\section{Introduction}
\label{sec:intro}

Hyperspectral imaging systems have become increasingly popular for a variety of applications, including remote sensing and biomedical analytics. With their dense, contiguous and narrow-band spectral sampling in visible through short-wave infrared regions of the electromagnetic spectrum, they provide rich spectral characterization of the objects that are dominant in the pixels of the hyperspectral image. The capability of hyperspectral data to accurately capture material-specific properties makes them an attractive choice for characterizing vegetation mapping invasive and endangered vegetation, (e.g., for ecological and precision agriculture applications), detection and characterization of physiological conditions and other related biomedical applications \cite{vyas2013estimating,li2012compressive,chen2011denoising,NG2011,prasad2014SMoG,PLFB2012,KPB2010Derivatives,prasad2009information,YP2015,PC2013Asilomar_Sparse,li2011multi,di2011active,PB2008a}. In addition to such applications where hyperspectral data has seen a widespread popularity and acceptance, we suggest that hyperspectral data is also particularly suited for enhanced computer vision applications as they relate to scene understanding, biometrics, and person re-dentification, by virtue of their robust characterization of material properties. 

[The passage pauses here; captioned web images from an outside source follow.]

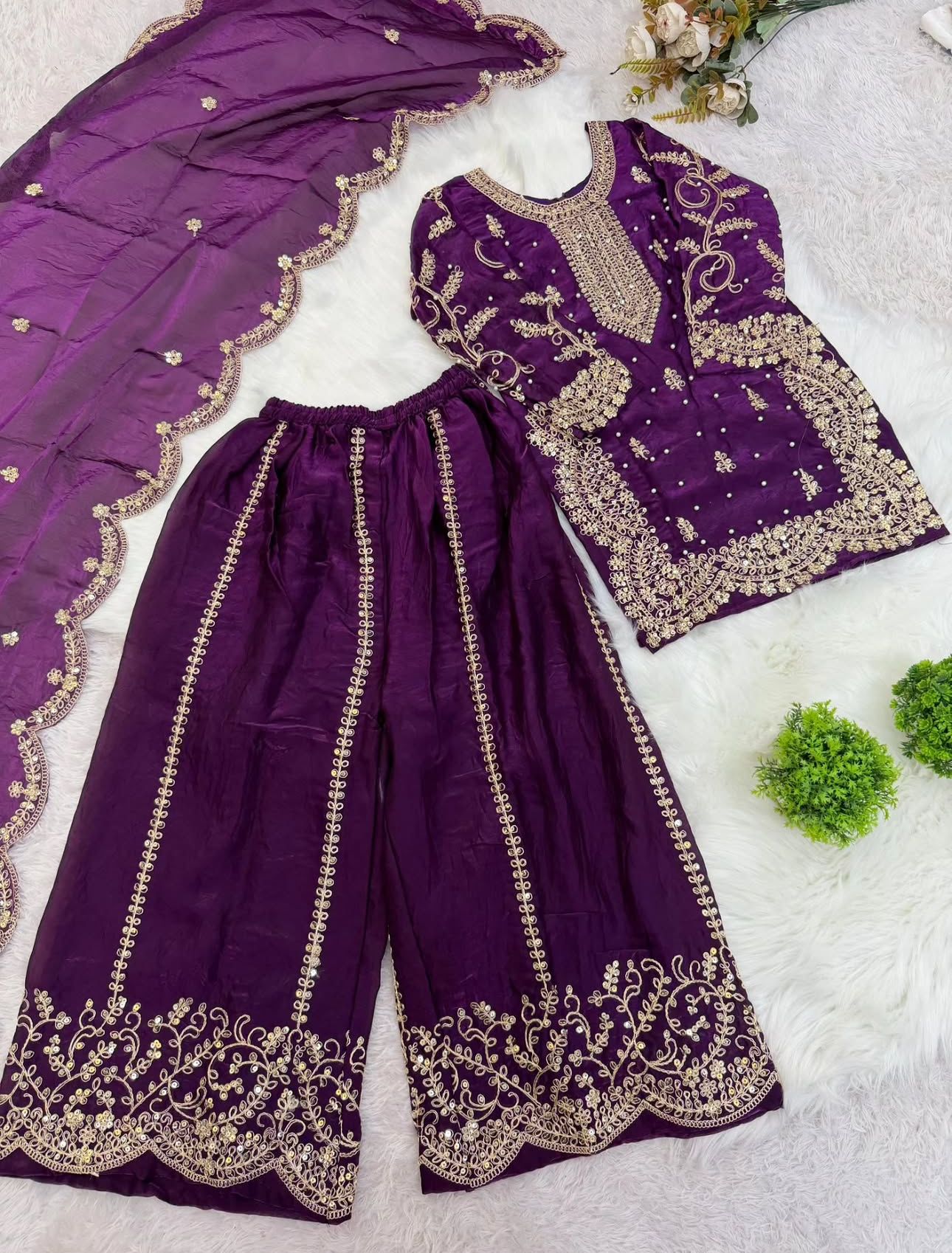Purple Embroidered Work Salwar Suit For Kid in Germany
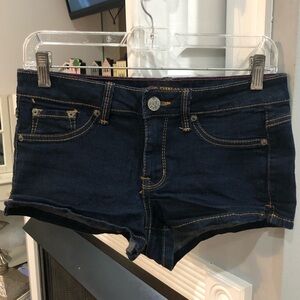 Vintage Y2K 2 BWU Dark Blue Denim Jean Mini Shorts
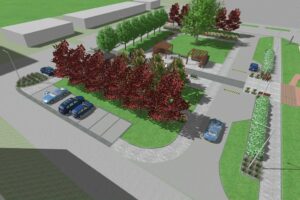 Wizualizacja parku kieszonkowego i parkingu przed szpitalem w Kazimierzy Wielkiej / źródło: UMiG Kazimierza Wielka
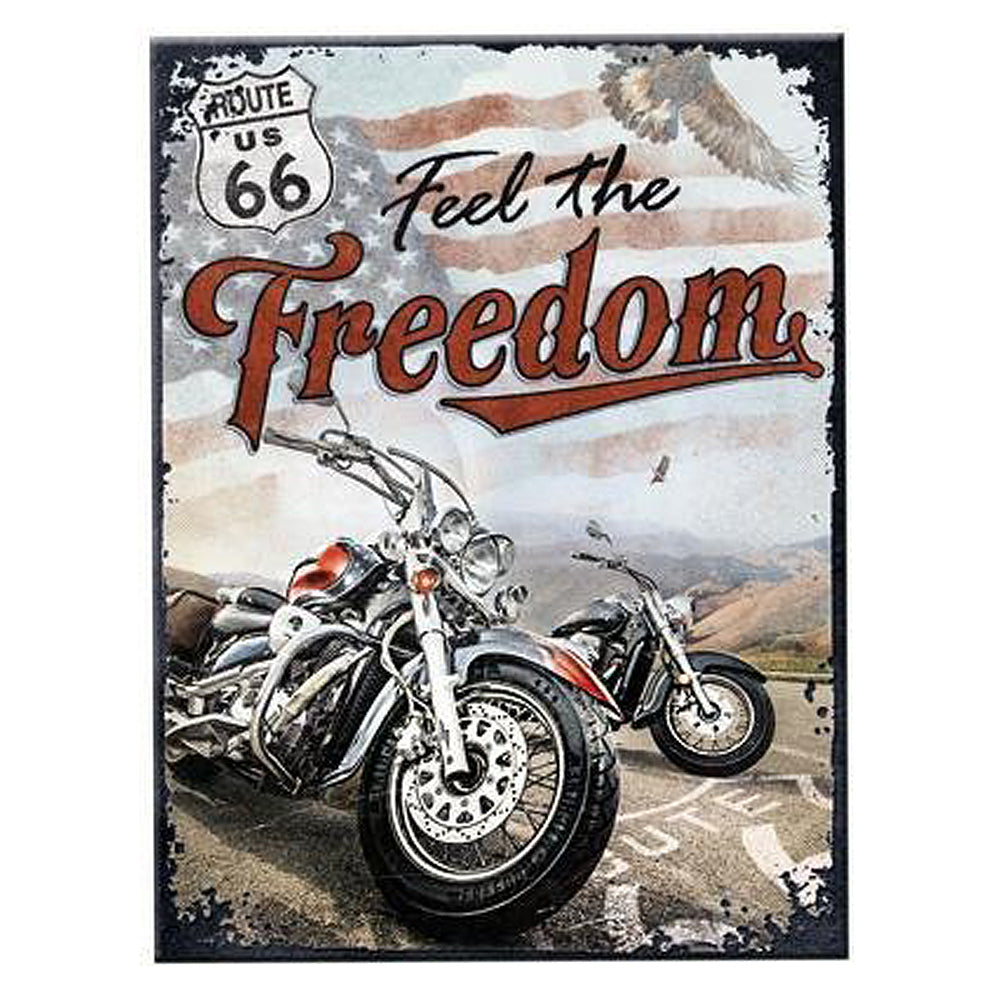 US Route 66 | Feel the Freedom Retro Magnet | 8x6cm | Little Gift | Cracker Filler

Person re-identification -- the task of recognizing a person separated in location and time, has emerged as an important application of multi-camera surveillance systems. Despite algorithmic advances \cite{gheissari2006person,farenzena2010person,zheng2011person} built upon traditional computer vision imaging systems, person reidentification remains a difficult problem due to various challenges, including variations in illumination conditions, pose and viewpoints. Advances in this area include pose, viewpoint and illumination invariant feature extraction \cite{gheissari2006person,farenzena2010person}, as well as the design of appropriate similarity metrics. A majority of these methods take into account global appearance of a person, such as a weighted color histogram \cite{farenzena2010person}. Local spatial information is often extracted by analyzing cropped regions around the face \cite{dantcheva2011frontal}. 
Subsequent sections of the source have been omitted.